ID: Given your focus on object and furniture design, what’s your take on “democratic design?” How does strong design, available at a range of price points, affect the industry?
SC: This is a very current conversation…As president of IFI, I deal with a lot of governments and policy makers and my job is advocacy. But for what am I advocating? It’s a problem for design to be funneled into the “cool” and “hip” and “trendy.” There’s that side to it, but in every aspect there are far more pertinent conversations to be had. Trendiness takes away from excellence. For example, there are people out there who believe that interdisciplinary design is important…For me, architects are architects and designers are designers, and there is a difference. If we decide that titles don’t matter, why do we have them? Design is pervasive; nothing in the world today is not designed. The public does not know what good design is. It need experts to execute design in smart ways, so we can accomplish great design.

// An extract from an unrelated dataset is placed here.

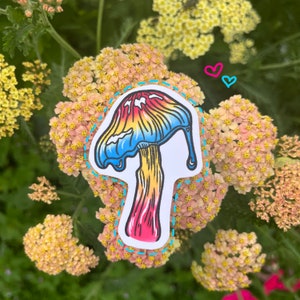 Pan Pride Pilz Aufkleber!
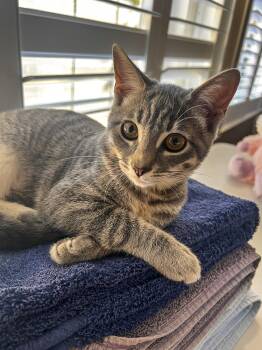 Rescue Tabby and Domestic Short Hair Cats for Adoption in Vallejo, California - Gracie | PetCurious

"Remember the old, old lamp that greeted you from far away, through the window of your thoughts, its panes burned by suns of other years… What will the friendly old lamp think of you, during the lonely winter nights? What will the other objects think of you, the ones that were so kind, so fraternally kind to you? Was not their obscure fate closely united with your own?
…Motionless, mute things never forget: melancholy and despised as they are, we confide in them that which is humblest and least suspected in the depths of ourselves.”